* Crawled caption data
+ + + +
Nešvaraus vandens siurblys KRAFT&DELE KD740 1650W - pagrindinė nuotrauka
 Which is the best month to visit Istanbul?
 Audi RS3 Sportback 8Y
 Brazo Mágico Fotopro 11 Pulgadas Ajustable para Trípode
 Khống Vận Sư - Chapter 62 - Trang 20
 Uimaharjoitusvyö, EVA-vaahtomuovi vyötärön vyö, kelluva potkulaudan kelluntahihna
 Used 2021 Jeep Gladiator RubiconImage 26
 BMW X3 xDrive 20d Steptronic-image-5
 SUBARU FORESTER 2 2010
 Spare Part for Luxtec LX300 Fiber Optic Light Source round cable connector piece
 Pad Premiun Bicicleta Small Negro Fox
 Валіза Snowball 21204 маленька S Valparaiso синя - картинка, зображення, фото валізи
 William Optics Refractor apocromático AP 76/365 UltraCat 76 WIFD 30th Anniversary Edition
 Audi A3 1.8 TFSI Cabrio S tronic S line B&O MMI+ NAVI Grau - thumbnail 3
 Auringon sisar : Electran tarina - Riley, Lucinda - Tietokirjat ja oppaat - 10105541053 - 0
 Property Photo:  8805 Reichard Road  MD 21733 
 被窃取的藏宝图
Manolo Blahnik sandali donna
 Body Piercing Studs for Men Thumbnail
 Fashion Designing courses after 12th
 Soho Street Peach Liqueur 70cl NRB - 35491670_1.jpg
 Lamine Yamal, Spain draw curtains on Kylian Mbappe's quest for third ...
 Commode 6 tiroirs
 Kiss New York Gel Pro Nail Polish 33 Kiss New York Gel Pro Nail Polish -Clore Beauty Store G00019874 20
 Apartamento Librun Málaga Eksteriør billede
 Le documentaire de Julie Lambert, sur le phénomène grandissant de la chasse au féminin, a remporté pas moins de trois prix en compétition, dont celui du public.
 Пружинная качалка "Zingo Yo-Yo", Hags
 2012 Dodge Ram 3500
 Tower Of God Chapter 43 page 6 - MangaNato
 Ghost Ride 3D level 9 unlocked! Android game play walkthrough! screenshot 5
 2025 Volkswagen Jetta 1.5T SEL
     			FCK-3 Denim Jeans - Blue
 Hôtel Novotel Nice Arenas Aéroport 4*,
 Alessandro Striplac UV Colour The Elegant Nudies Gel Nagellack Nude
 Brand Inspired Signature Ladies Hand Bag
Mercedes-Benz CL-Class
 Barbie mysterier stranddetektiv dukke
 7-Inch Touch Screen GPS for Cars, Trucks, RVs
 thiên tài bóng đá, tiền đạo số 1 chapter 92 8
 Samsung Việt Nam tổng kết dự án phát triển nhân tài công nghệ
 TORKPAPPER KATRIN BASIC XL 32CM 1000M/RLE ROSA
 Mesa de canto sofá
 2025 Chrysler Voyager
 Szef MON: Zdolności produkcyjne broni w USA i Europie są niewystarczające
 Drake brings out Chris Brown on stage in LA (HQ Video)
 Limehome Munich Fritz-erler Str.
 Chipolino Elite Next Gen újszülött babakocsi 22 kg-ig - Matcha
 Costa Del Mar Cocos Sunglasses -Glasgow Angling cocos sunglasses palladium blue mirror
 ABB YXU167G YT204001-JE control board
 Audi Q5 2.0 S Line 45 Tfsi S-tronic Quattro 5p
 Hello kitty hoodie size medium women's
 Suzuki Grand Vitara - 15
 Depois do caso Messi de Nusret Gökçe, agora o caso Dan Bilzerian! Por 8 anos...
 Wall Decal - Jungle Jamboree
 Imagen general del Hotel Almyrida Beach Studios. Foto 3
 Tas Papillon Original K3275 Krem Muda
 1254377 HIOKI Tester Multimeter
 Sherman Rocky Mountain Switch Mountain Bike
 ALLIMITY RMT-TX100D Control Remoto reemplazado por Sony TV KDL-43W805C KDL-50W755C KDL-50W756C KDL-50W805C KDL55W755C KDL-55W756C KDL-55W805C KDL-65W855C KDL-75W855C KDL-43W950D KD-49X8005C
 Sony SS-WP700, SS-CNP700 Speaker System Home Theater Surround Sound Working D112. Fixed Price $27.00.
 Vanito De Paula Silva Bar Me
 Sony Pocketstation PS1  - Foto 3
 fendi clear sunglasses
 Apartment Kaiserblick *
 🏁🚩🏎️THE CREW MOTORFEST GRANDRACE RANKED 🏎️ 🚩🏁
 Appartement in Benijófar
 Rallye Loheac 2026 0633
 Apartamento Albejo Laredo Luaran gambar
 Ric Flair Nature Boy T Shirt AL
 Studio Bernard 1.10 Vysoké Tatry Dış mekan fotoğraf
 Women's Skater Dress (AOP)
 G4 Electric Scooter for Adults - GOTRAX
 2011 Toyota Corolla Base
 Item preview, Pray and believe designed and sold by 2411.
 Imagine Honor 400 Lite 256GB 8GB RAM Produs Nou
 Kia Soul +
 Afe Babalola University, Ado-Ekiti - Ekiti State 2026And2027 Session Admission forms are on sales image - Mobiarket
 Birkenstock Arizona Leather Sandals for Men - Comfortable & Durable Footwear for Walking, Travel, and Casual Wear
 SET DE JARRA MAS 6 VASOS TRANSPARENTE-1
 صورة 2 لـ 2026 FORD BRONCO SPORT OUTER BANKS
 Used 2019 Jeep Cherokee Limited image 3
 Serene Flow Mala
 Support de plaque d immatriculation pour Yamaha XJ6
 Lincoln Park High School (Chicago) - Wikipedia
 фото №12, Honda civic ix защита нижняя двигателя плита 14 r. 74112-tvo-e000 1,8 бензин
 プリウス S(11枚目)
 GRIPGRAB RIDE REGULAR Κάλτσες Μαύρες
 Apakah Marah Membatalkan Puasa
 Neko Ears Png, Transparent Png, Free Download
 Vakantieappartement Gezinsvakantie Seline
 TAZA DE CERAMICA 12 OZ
+ + + +
* How to complete this task
The lines above from the one with "Hôtel Novotel Nice" through the one with "Limehome Munich Fritz-erler Str." are to be duplicated exactly, ends included, with nothing added.

* Expected answer
 Hôtel Novotel Nice Arenas Aéroport 4*,
 Alessandro Striplac UV Colour The Elegant Nudies Gel Nagellack Nude
 Brand Inspired Signature Ladies Hand Bag
Mercedes-Benz CL-Class
 Barbie mysterier stranddetektiv dukke
 7-Inch Touch Screen GPS for Cars, Trucks, RVs
 thiên tài bóng đá, tiền đạo số 1 chapter 92 8
 Samsung Việt Nam tổng kết dự án phát triển nhân tài công nghệ
 TORKPAPPER KATRIN BASIC XL 32CM 1000M/RLE ROSA
 Mesa de canto sofá
 2025 Chrysler Voyager
 Szef MON: Zdolności produkcyjne broni w USA i Europie są niewystarczające
 Drake brings out Chris Brown on stage in LA (HQ Video)
 Limehome Munich Fritz-erler Str.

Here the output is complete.